When we landed in Minneapolis, I was the first one off the plane. The pilot himself escorted me straight down the side stairs of the exit tunnel to the tarmac. The cargo crew there already knew what was on this plane. They were unloading some of the luggage when an Army sergeant, a fellow escort who had left Dover earlier that day, appeared next to me. His cargo was going to be loaded onto my plane for its continuing leg. We stood side-by-side in the dark and executed a slow salute as Chance was removed from the plane.

The cargo crew at Minneapolis kept Phelps’s shipping case separate from all the other luggage as they waited to take us to the cargo area. I waited with the soldier and we saluted together as his fallen comrade was loaded onto the plane.

My trip with Chance was going to be somewhat unusual in that we were going to have an overnight stopover. We had a late start out of Dover and there was just too much traveling ahead of us to continue on that day. (We still had a flight from Minneapolis to Billings, Montana, then a five-hour drive to the funeral home. That was to be followed by a 90-minute drive to Chance’s hometown.)

I was concerned about leaving him overnight in the Minneapolis cargo area. My ten-minute ride from the tarmac to the cargo holding area eased my apprehension. Just as in Philadelphia, the cargo guys in Minneapolis were extremely respectful and seemed honored to do their part. While talking with them, I learned that the cargo supervisor for Northwest Airlines at the Minneapolis airport is a Lieutenant Colonel in the Marine Corps Reserves. They called him for me and let me talk to him. Once I was satisfied that all would be okay for the night, I asked one of the cargo crew if he would take me back to the terminal so that I could catch my hotel’s shuttle. Instead, he drove me straight to the hotel himself.

At the hotel, the Lieutenant Colonel called me and said he would personally pick me up in the morning and bring me back to the cargo area. Before leaving the airport, I had told the cargo crew that I wanted to come back to the cargo area in the morning rather than go straight to the passenger terminal. I felt bad for leaving Chance overnight and wanted to see the shipping container where I had left it for the night. It was fine. The Lieutenant Colonel made a few phone calls then drove me around to the passenger terminal.
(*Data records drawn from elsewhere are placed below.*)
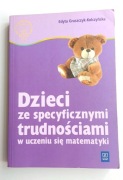 Dzieci ze specyficznymi trudnościami w uczeniu  Gruszczyk Kolczyńska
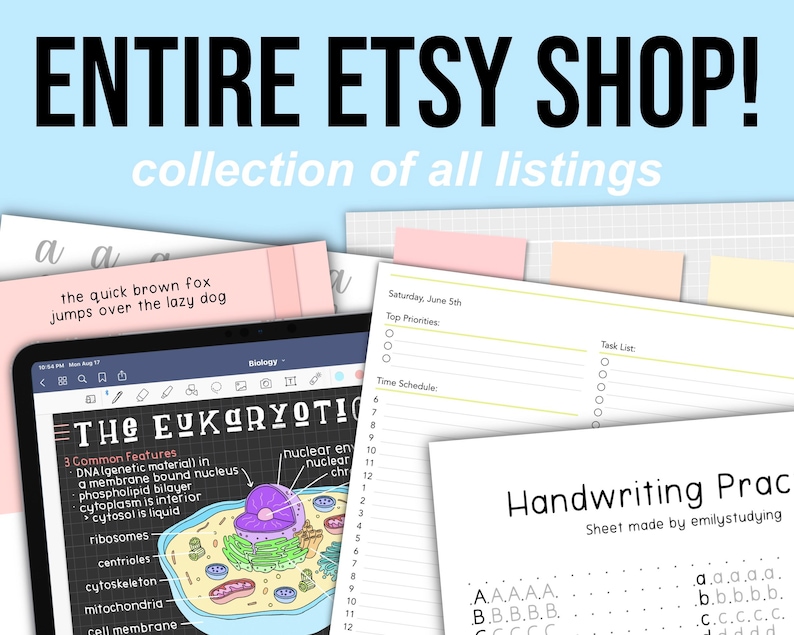 May include: Digital planner and study resources. The image shows a tablet displaying a biology diagram, handwriting practice sheets, and a to-do list. The text reads "ENTIRE ETSY SHOP!" and "collection of all listings."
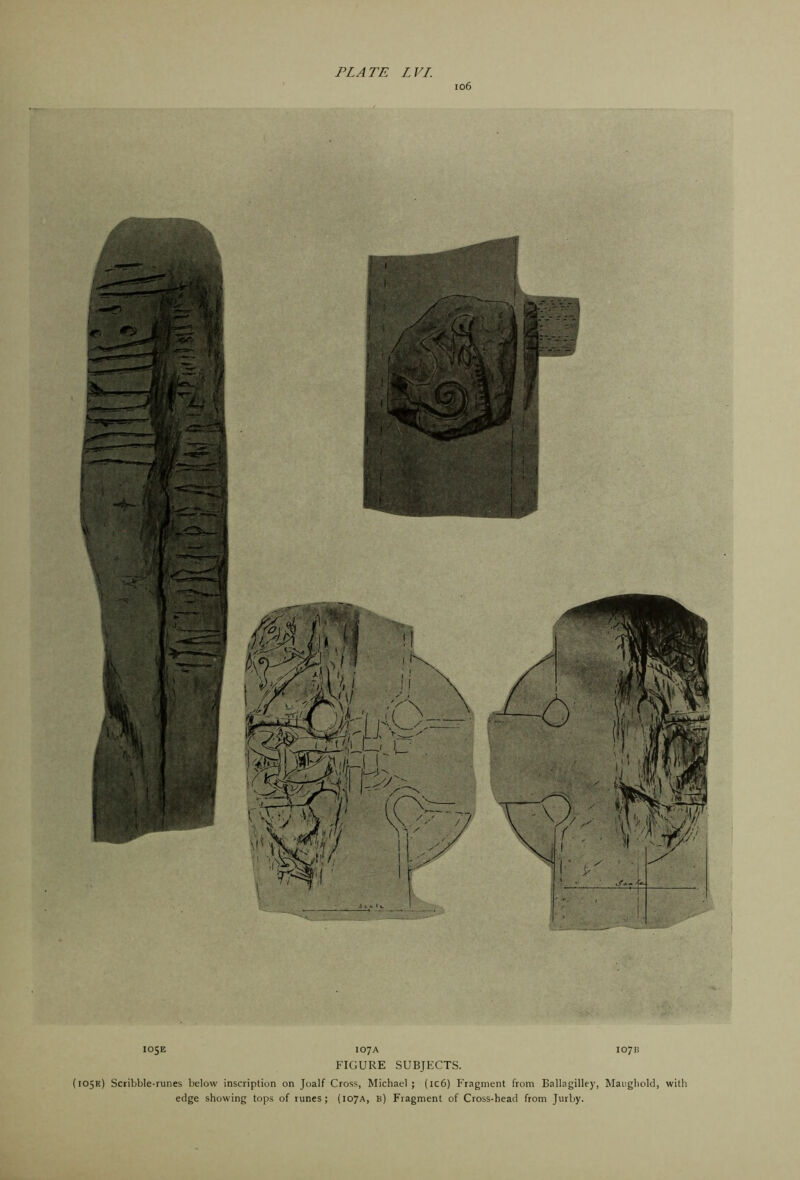 io6 loSE 107A 1071? FIGURE SUBJECTS. {105K) Scribble-runes below inscription on Joalf Cross, Michael; (ic6) Fragment from Ballagilley, Maiigliold, with edge showing tops of runes; (107A, b) Fragment of Cross-head from Jurby.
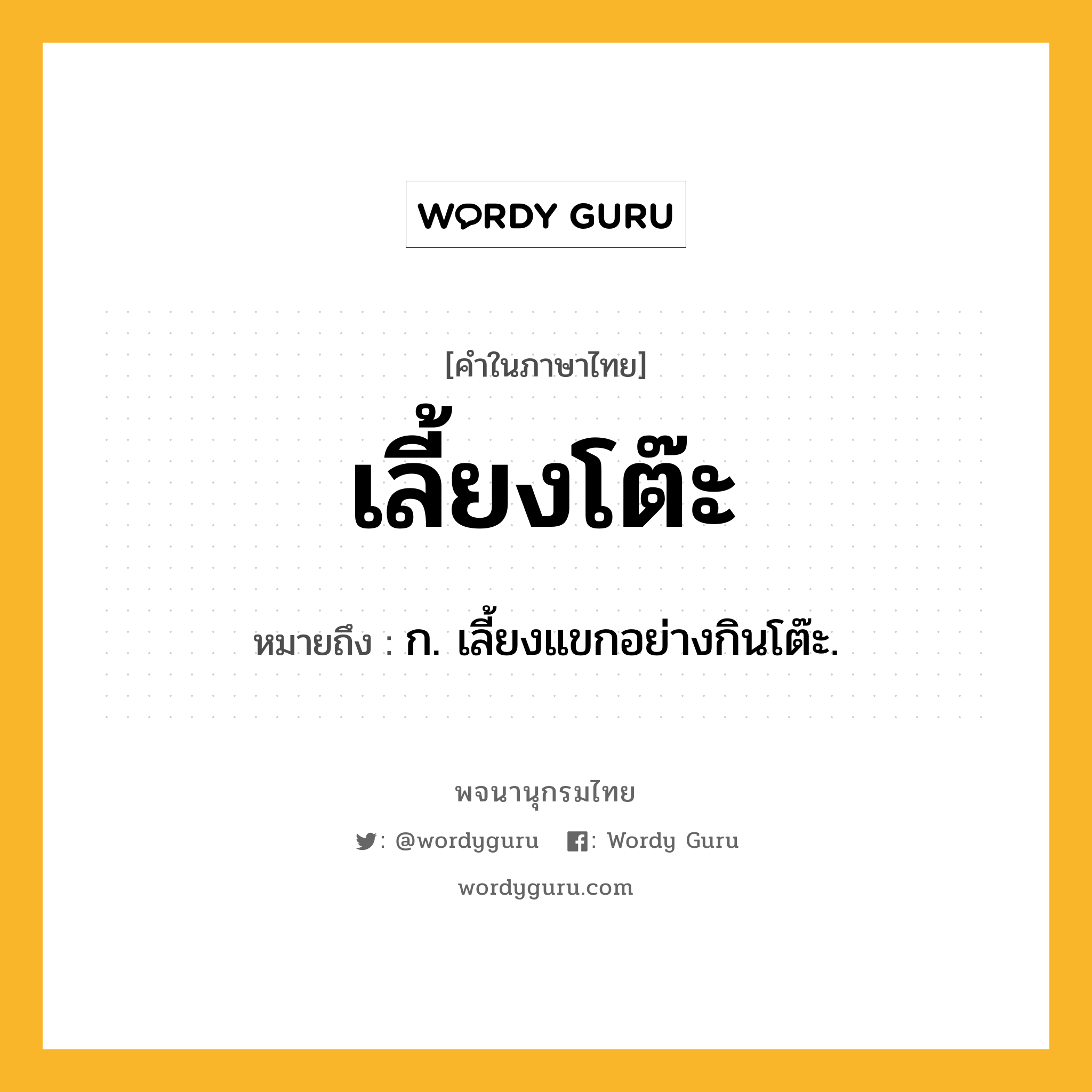 เลี้ยงโต๊ะ ความหมาย หมายถึงอะไร?, คำในภาษาไทย เลี้ยงโต๊ะ หมายถึง ก. เลี้ยงแขกอย่างกินโต๊ะ.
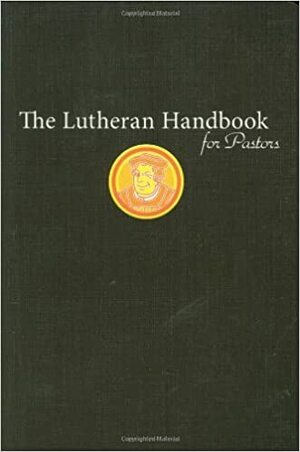 The Lutheran Handbook for Pastors by Kristofer Skrade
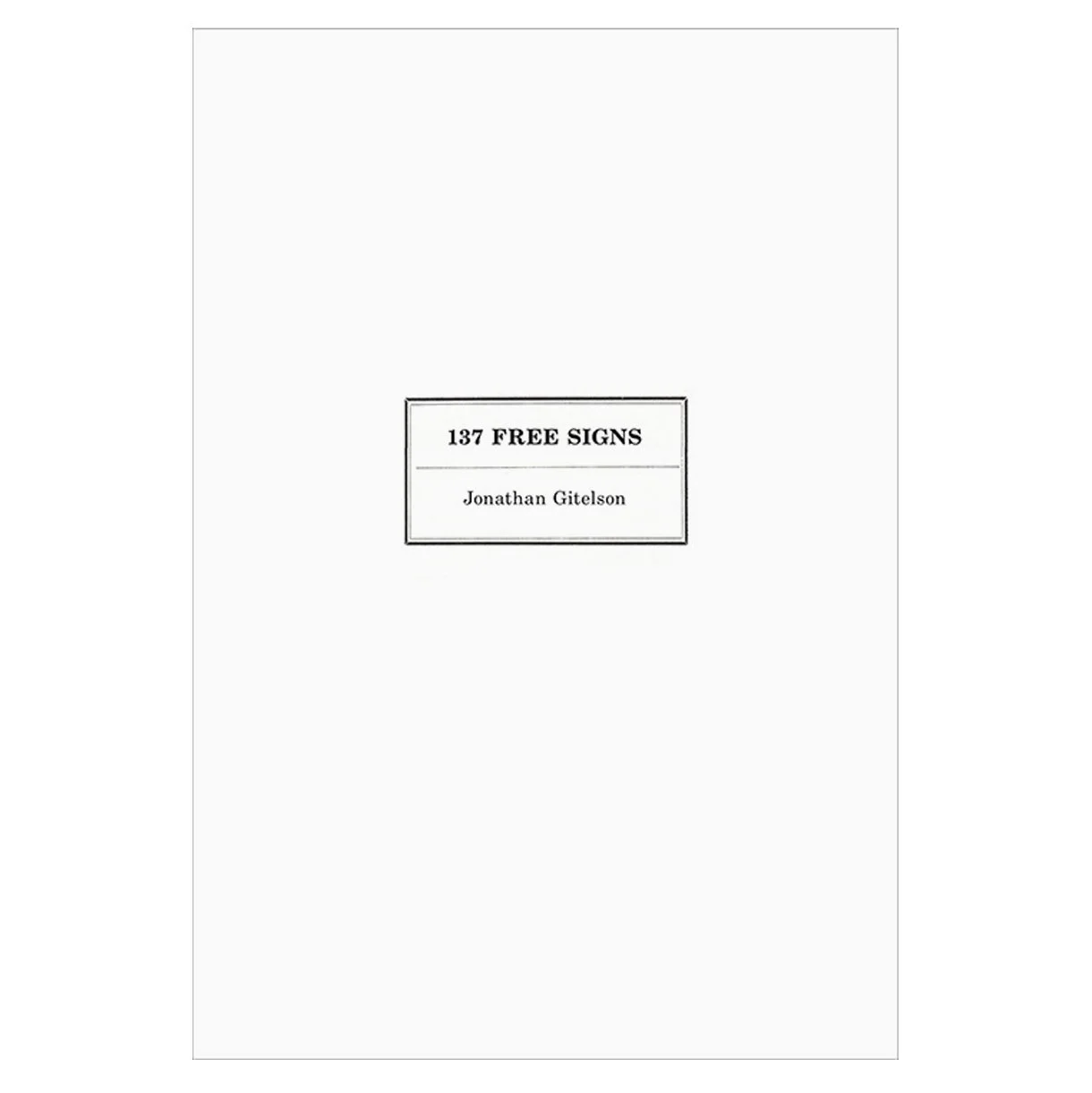 137 FREE Signs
I was met again by a man from the cargo crew and escorted down to the tarmac. The pilot of the plane joined me as I waited for them to bring Chance from the cargo area. The pilot and I talked of his service in the Air Force and how he missed it. I saluted as Chance was moved up the conveyor and onto the plane. It was to be a while before the luggage was to be loaded so the pilot took me up to the board the plane where I could watch the tarmac from a window. With no other passengers yet on board, I talked with the flight attendants and one of the cargo guys. He had been in the Navy and one of the attendants had been in the Air Force. Everywhere I went, people were continuing to tell me their relationship to the military. After all the baggage was aboard, I went back down to the tarmac, inspected the cargo bay, and watched them secure the door.

When we arrived at Billings, I was again the first off the plane. This time Chance’s shipping container was the first item out of the cargo hold. The funeral director had driven five hours up from Riverton, Wyoming to meet us. He shook my hand as if I had personally lost a brother. We moved Chance to a secluded cargo area. Now it was time for me to remove the shipping container and drape the flag over the casket. I had predicted that this would choke me up but I found I was more concerned with proper flag etiquette than the solemnity of the moment. Once the flag was in place, I stood by and saluted as Chance was loaded onto the van from the funeral home. I was thankful that we were in a small airport and the event seemed to go mostly unnoticed.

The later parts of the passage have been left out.